— Instructions for the task —
Would you reproduce each line below exactly, leaving every picture out?
Given records section start
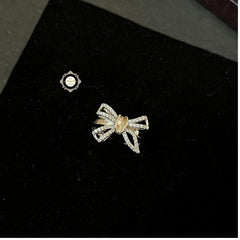 Sparkling Silver Ribbon Bow Ring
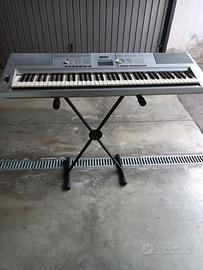 pianola Yamaha 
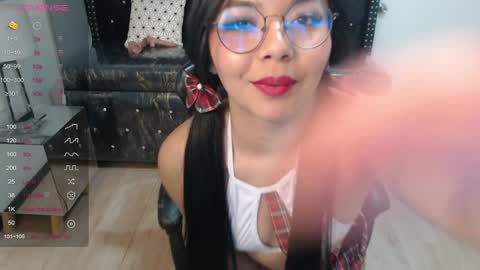 Snapshot of liz25_b chatting on 01/11/25, 06:14 Liz online show from 01/11/25, 06:14
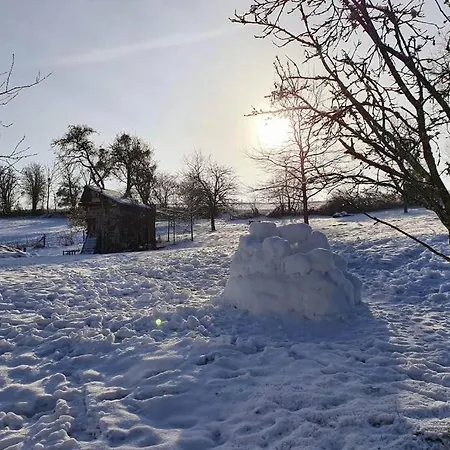 The Barn House : Mini Farm In The Garden بيت للعطل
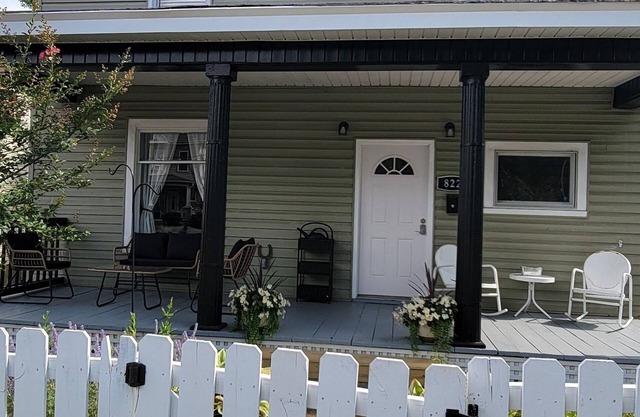 Charming 3-bedroom house in Roanoke with fitness area, lots of space. Sleeps 6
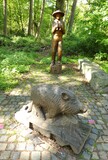 27.04.Förster mit Wildschwein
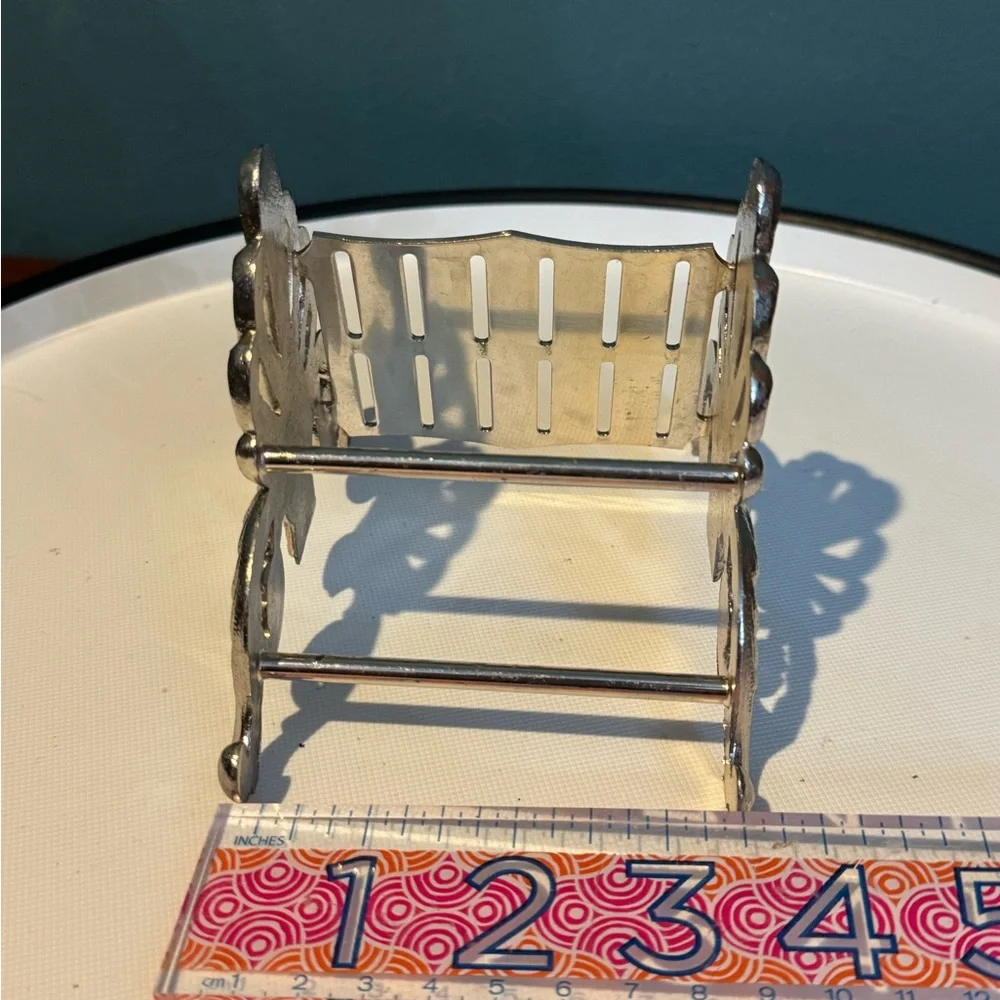Elegant Vintage 12 Slot Knife Holder / Rest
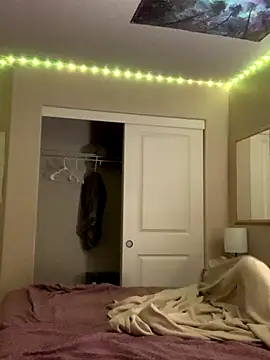 Snapshot of shakeweight chatting on 11-06-25, 07:31 shakeweight online show from 11-06-25, 07:31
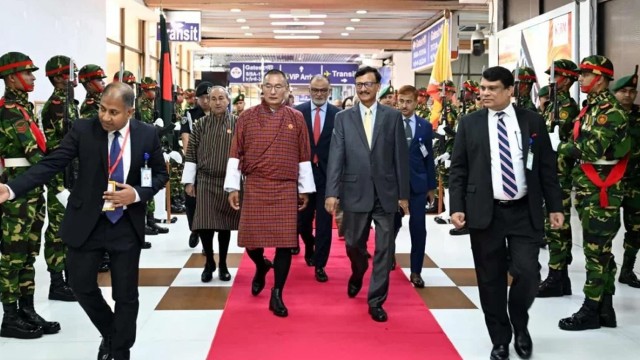 ঢাকা ত্যাগ করলেন ভুটানের প্রধানমন্ত্রী শেরিং তোবগে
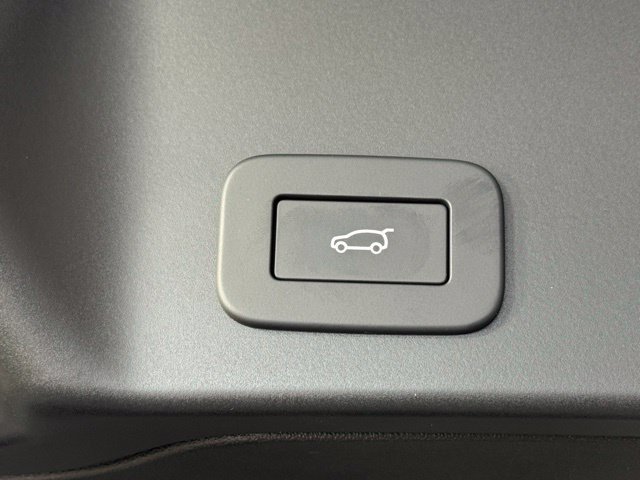 Certified 2026 Land Rover Range Rover Evoque S AWD/4WD image 18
Given records section end
— Finished task —
 Sparkling Silver Ribbon Bow Ring
 pianola Yamaha 
 Snapshot of liz25_b chatting on 01/11/25, 06:14 Liz online show from 01/11/25, 06:14
 The Barn House : Mini Farm In The Garden بيت للعطل
 Charming 3-bedroom house in Roanoke with fitness area, lots of space. Sleeps 6
 27.04.Förster mit Wildschwein
Elegant Vintage 12 Slot Knife Holder / Rest
 Snapshot of shakeweight chatting on 11-06-25, 07:31 shakeweight online show from 11-06-25, 07:31
 ঢাকা ত্যাগ করলেন ভুটানের প্রধানমন্ত্রী শেরিং তোবগে
 Certified 2026 Land Rover Range Rover Evoque S AWD/4WD image 18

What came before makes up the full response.